The first and most crucial radiological outcome in lumbar interbody fusion surgery is the fusion rate. In addition to techniques, implants and biologics should also be taken into consideration. The authors used static cages in the open PLIF but expandable cages in PE-PLIF. Static cages have been demonstrated to be reliable devices with a fusion rate of over 90% in previous studies [19, 20]. However, the common size of a static lumbar cage is not designed for Endo-LIF. Percutaneous transforaminal Endo-LIF has been reported as an alternative in some case series [13, 21]. Folman et al. [22] conducted a clinical study on an expandable cage in 2003 and showed that pseudoarthrosis occurred in only one of 87 patients, with no mechanical failure. In Lee et al. [12], a B-twin expandable cage was used to restore disc height; all 18 patients were followed up for an average of 46 months, 16 of whom achieved interbody fusion. Therefore, the authors adopted expandable cages in PE-PLIF to decrease the difference in the size and surface of cages between Endo-LIF and the open method. The radiological outcomes in the current study also showed comparable results [20].

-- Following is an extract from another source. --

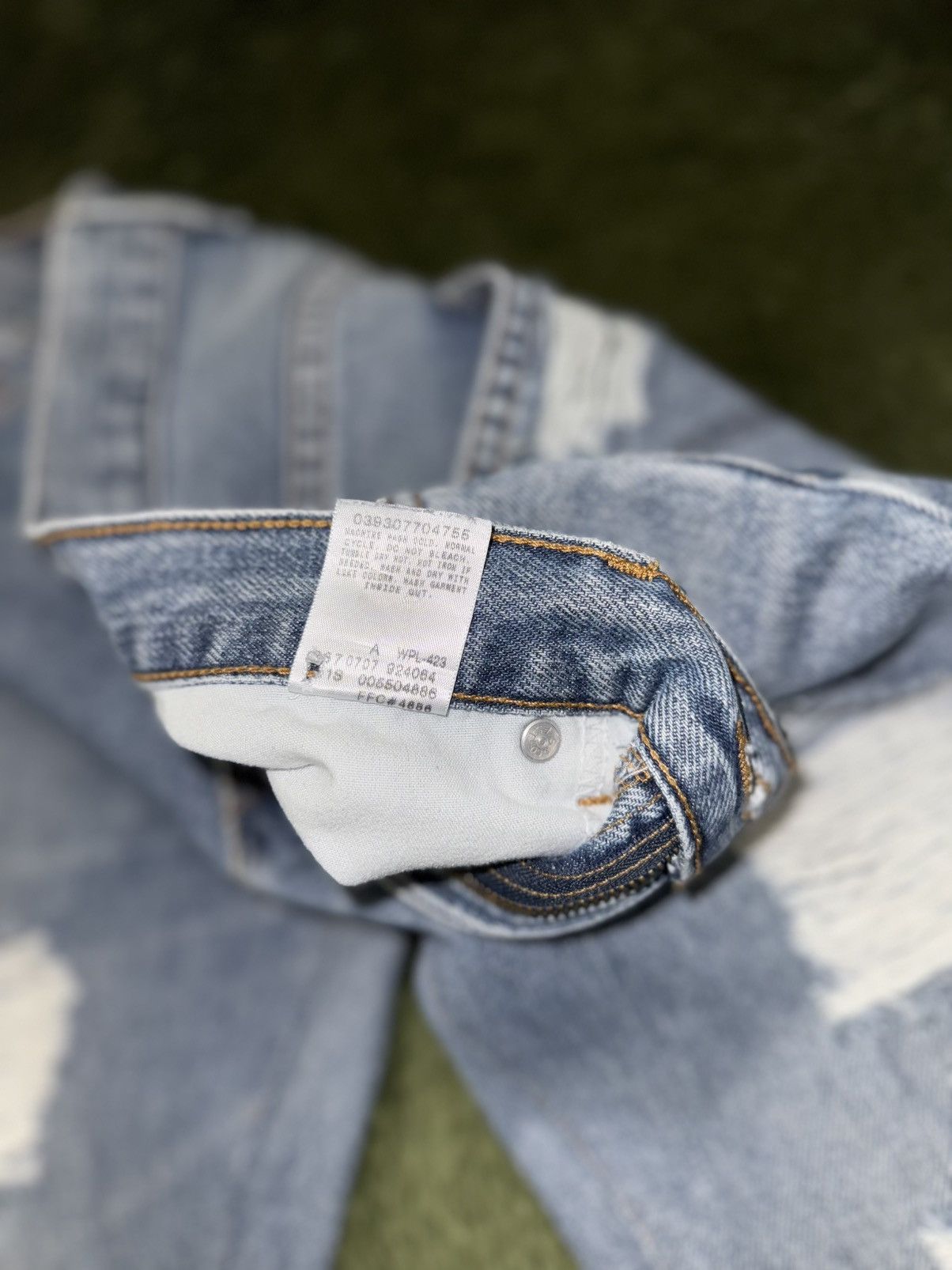 Levi's [W31/L34] Levis 550 USA destroyed denim pants indigo Size US 31 - 4 Thumbnail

Previous studies have shown that segmental lordosis and cage subsidence are related to functional outcomes [23, 24]. The incidence of cage subsidence was variable. Pisano et al. [25] reported a cage subsidence rate of 50.6% (mean: 5.5 mm) after TLIF. Lin et al. [19] reported a cage subsidence rate of 29.4% after MIS-TLIF and 25.0% after open PLIF. These variations may result from the measurement method (CT or X-ray), follow-up time, and cage material; therefore, no definitive conclusion can be drawn about the cage subsidence rate after lumbar fusion. In this study, the cage subsidence rate was 6.7% in the PE-PLIF group and 16.7% in the open PLIF group. Our results indicate that the use of an expandable cage may help prevent excess expansion of the intervertebral space and the resulting excess stress to the endplates, thereby reducing the cage subsidence rate, although further research is needed to test this hypothesis.

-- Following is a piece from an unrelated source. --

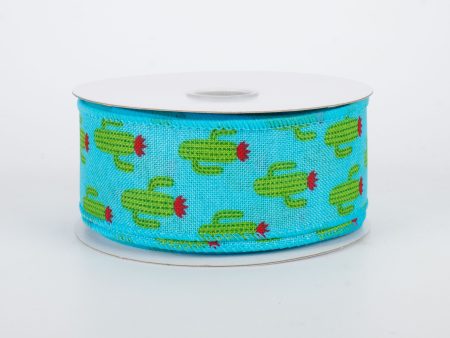 1.5  Green Cactus Ribbon: Blue (10 Yards) Hot on Sale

This study has some limitations. This was a nonrandomized study, which carries a risk of selection bias, although we strictly followed the inclusion and exclusion criteria during case selection. The sample size was small and, thus, failed to show a difference in the complication rate. Interobserver bias in the measurement of the radiological parameters may have been present. In addition, the follow-up time was less than two years in some petients.

Conclusion

PE-PLIF is a safe and effective alternative for minimally invasive lumbar interbody fusion. Although the learning curve of PE-PLIF remains challenging and reflects a longer operative time, benefits such as enhanced recovery after surgery are significant and fewer complications are associated with less surgical trauma. With improvements in techniques and technologies, we believe that Endo-LIF will be widely applicable in the near future. Meanwhile, more well-designed studies are necessary to evaluate the benefit and cost-effectiveness of PE-PLIF.